Salah satu bagian dari karya Sheikh Isyraq berbentuk cerita metaforis dan rumus-rumus. Kategori dari karya Suhrawardi ini menjadi perhatian penting melebihi karya lain mengenai pengajaran untuk mengkaji keyakinan batinnya serta warna filsafatnya yang bercorak iluminatif.
Suhrawardi dalam karyanya ini memilih menggunakan metode tamsil dan terma simbolis untuk menjelaskan tujuan filsafat dan irfannya. Pemahaman terhadap metaphor dan terma simbolis yang dipergunakan Suhrawardi dalam karyanya diperlukan untuk mencapai sebuah gambaran utuh mengenai pemikirannya.
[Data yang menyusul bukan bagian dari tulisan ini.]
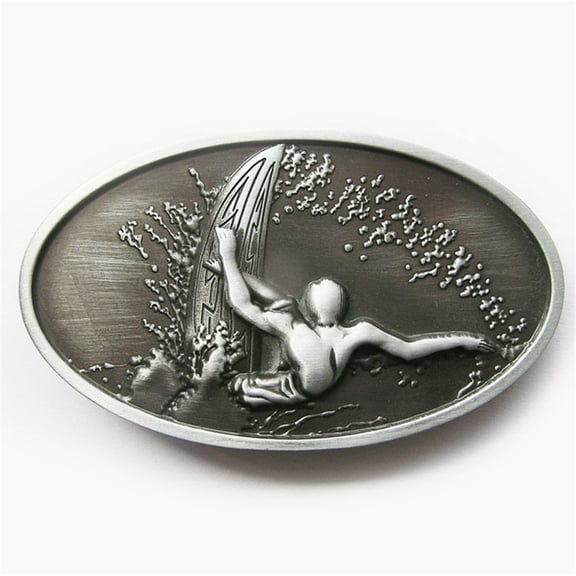 Vintage 3D Surfing Boy Sport Oval Belt Buckle Gurtelschnalle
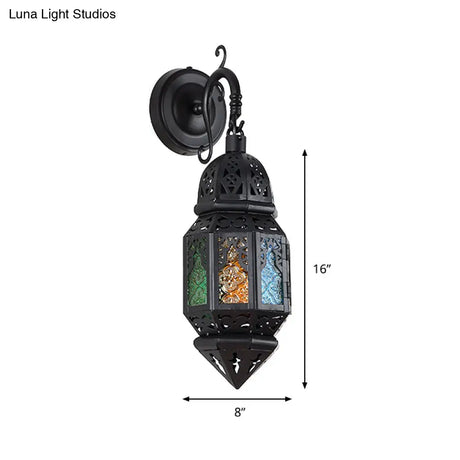 Vintage 1-Light Lantern Sconce - Black Coffee Shop Wall Lamp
Kategori dari karyanya ini berbentuk risalah pendek, metaforis dan sufistik yang diambil dari pengalaman pribadinya dengan pengungkapan bahasa rumus dan simbolis. Di setiap risalah, tampak tahapan dari kehidupan ruhani dan perjalanan spiritualnya yang menyingkap tabir.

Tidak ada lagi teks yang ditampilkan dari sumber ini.